=== Begin Enclosure ===

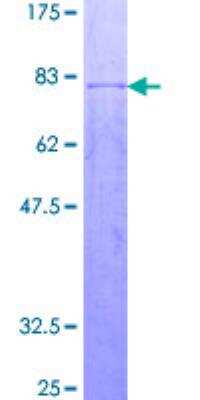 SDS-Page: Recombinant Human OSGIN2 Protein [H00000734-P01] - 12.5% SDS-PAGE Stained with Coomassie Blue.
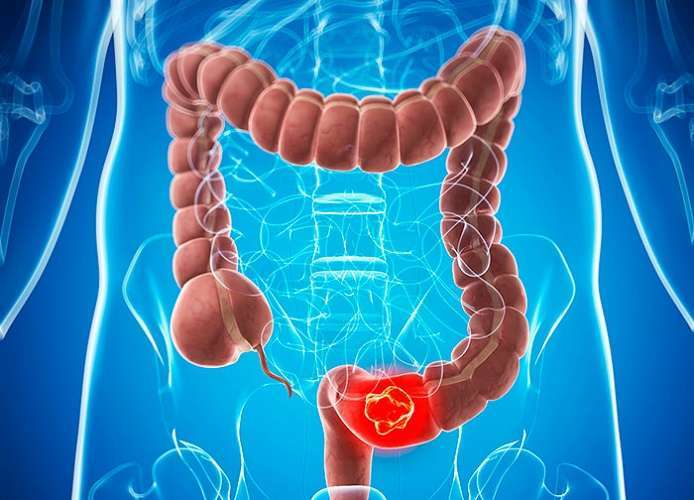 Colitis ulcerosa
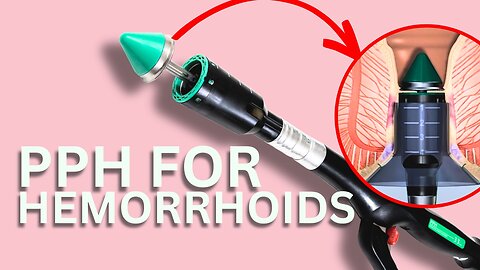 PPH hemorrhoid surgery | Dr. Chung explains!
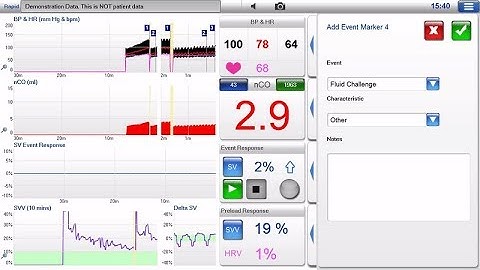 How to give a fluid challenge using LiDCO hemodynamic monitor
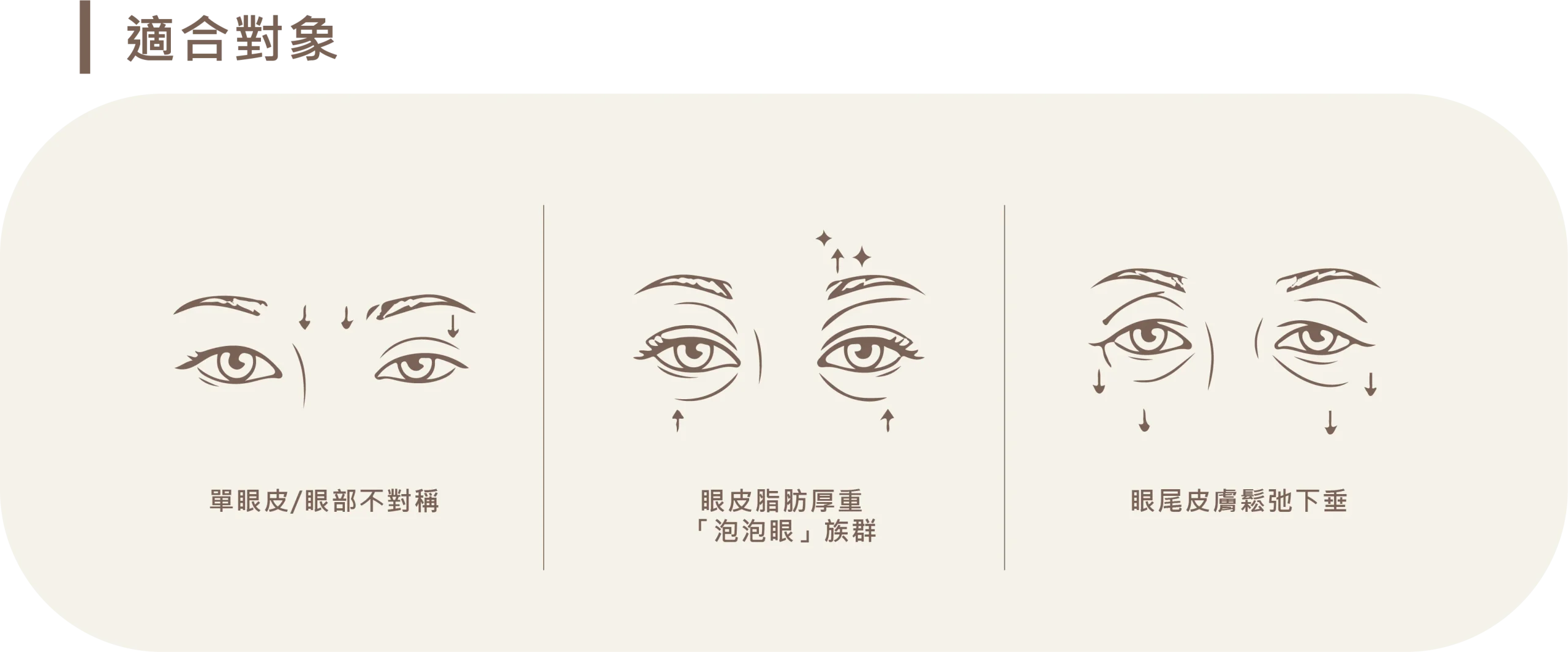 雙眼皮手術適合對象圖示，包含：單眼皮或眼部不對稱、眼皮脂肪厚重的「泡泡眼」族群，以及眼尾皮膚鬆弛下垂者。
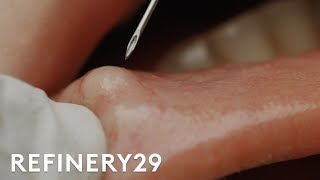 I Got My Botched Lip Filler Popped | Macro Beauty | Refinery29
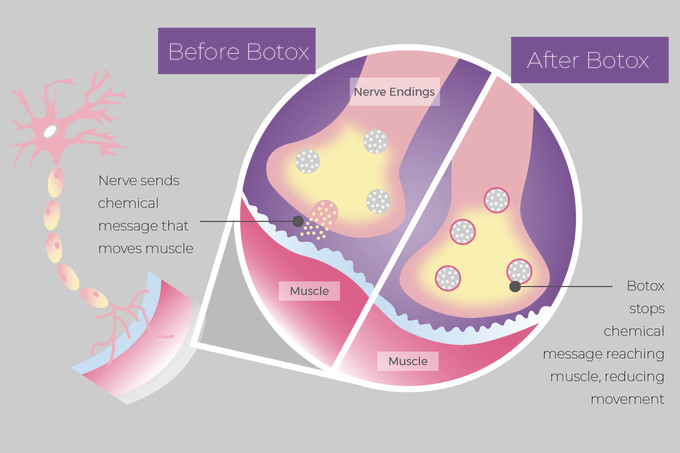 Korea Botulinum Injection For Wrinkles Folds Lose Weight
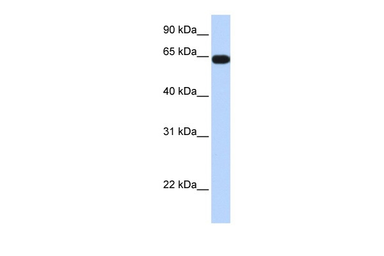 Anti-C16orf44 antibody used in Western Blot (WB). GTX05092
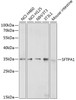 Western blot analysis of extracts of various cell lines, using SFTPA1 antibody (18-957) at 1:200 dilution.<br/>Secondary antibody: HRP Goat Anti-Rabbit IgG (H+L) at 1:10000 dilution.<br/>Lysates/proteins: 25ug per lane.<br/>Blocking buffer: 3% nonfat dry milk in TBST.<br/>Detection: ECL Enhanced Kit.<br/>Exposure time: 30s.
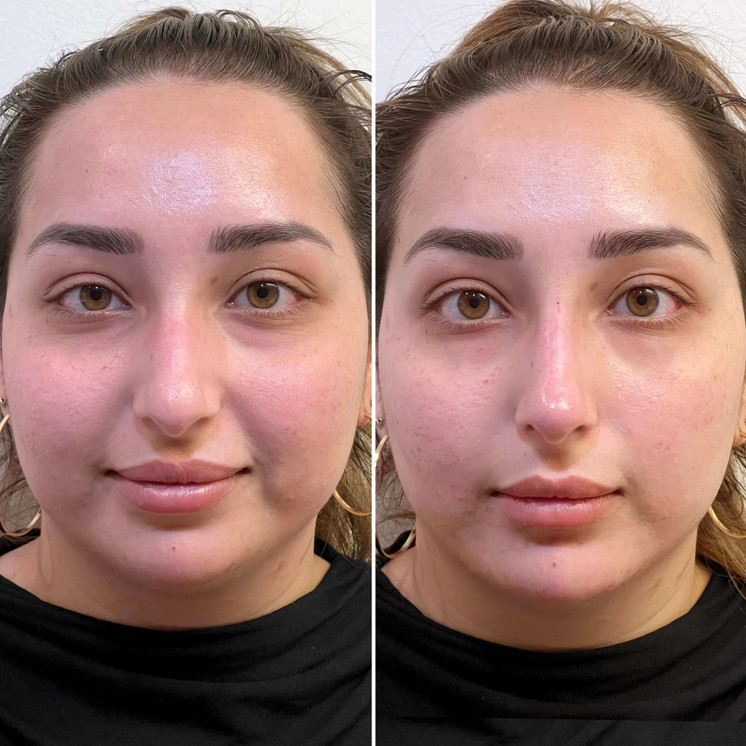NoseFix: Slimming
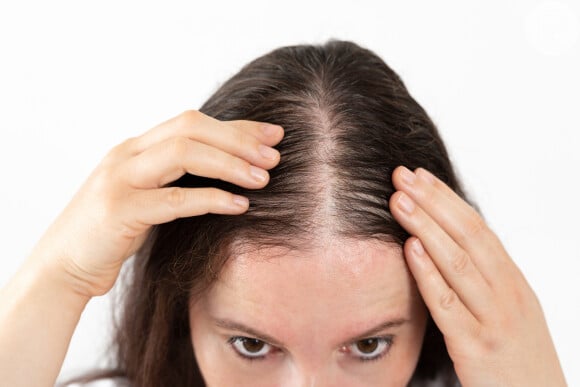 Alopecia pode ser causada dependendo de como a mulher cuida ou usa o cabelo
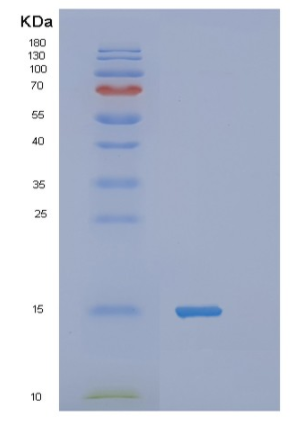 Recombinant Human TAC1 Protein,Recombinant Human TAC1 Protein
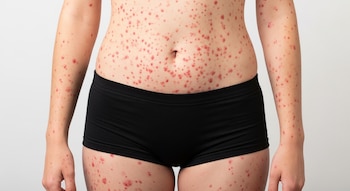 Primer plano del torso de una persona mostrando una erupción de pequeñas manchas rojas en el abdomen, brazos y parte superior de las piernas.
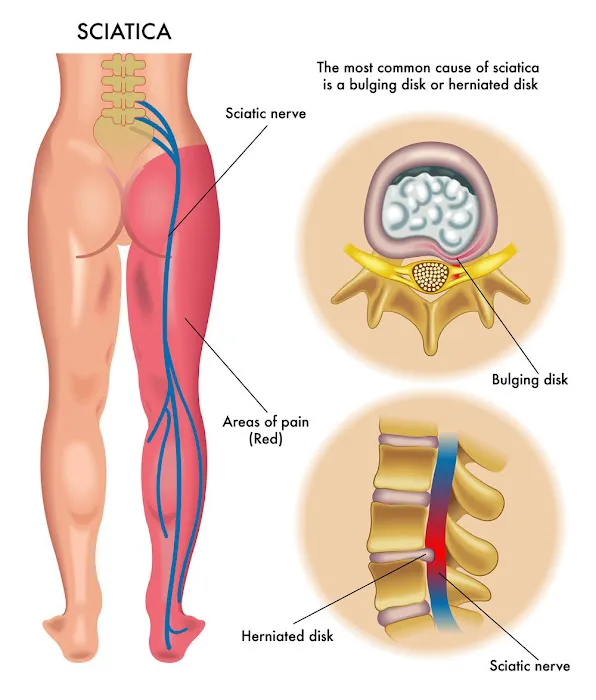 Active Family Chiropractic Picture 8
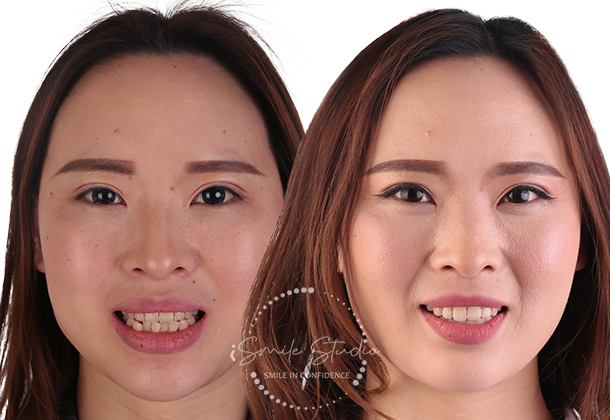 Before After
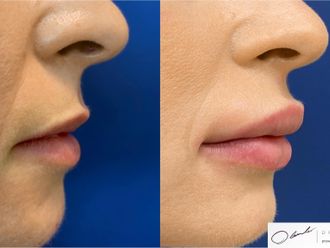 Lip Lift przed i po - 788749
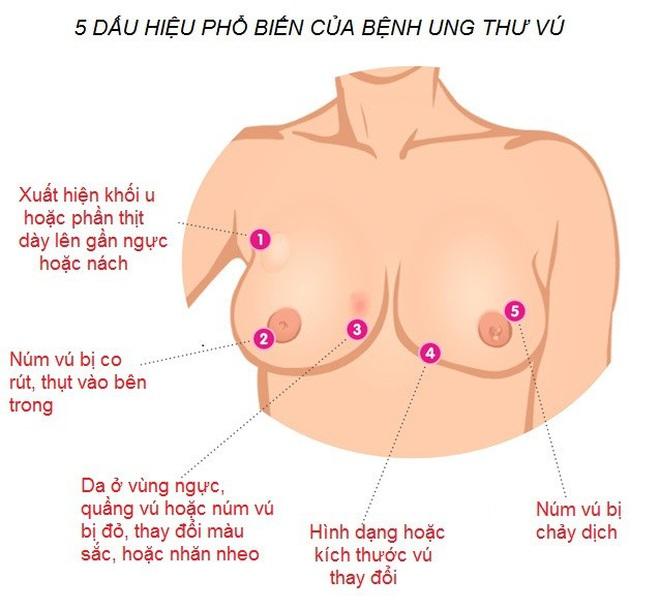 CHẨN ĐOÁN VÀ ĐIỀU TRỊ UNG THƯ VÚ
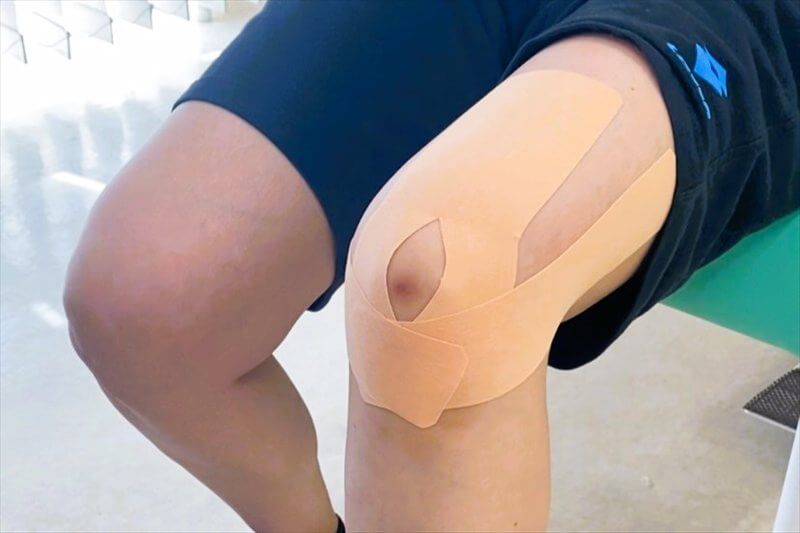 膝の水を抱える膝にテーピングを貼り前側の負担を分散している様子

=== End Enclosure ===

Task requirements:
An exact copy of every record above is required, with all pictures omitted.

Result of the exercise:
 SDS-Page: Recombinant Human OSGIN2 Protein [H00000734-P01] - 12.5% SDS-PAGE Stained with Coomassie Blue.
 Colitis ulcerosa
 PPH hemorrhoid surgery | Dr. Chung explains!
 How to give a fluid challenge using LiDCO hemodynamic monitor
 雙眼皮手術適合對象圖示，包含：單眼皮或眼部不對稱、眼皮脂肪厚重的「泡泡眼」族群，以及眼尾皮膚鬆弛下垂者。
 I Got My Botched Lip Filler Popped | Macro Beauty | Refinery29
 Korea Botulinum Injection For Wrinkles Folds Lose Weight
 Anti-C16orf44 antibody used in Western Blot (WB). GTX05092
 Western blot analysis of extracts of various cell lines, using SFTPA1 antibody (18-957) at 1:200 dilution.<br/>Secondary antibody: HRP Goat Anti-Rabbit IgG (H+L) at 1:10000 dilution.<br/>Lysates/proteins: 25ug per lane.<br/>Blocking buffer: 3% nonfat dry milk in TBST.<br/>Detection: ECL Enhanced Kit.<br/>Exposure time: 30s.
NoseFix: Slimming
 Alopecia pode ser causada dependendo de como a mulher cuida ou usa o cabelo
 Recombinant Human TAC1 Protein,Recombinant Human TAC1 Protein
 Primer plano del torso de una persona mostrando una erupción de pequeñas manchas rojas en el abdomen, brazos y parte superior de las piernas.
 Active Family Chiropractic Picture 8
 Before After
 Lip Lift przed i po - 788749
 CHẨN ĐOÁN VÀ ĐIỀU TRỊ UNG THƯ VÚ
 膝の水を抱える膝にテーピングを貼り前側の負担を分散している様子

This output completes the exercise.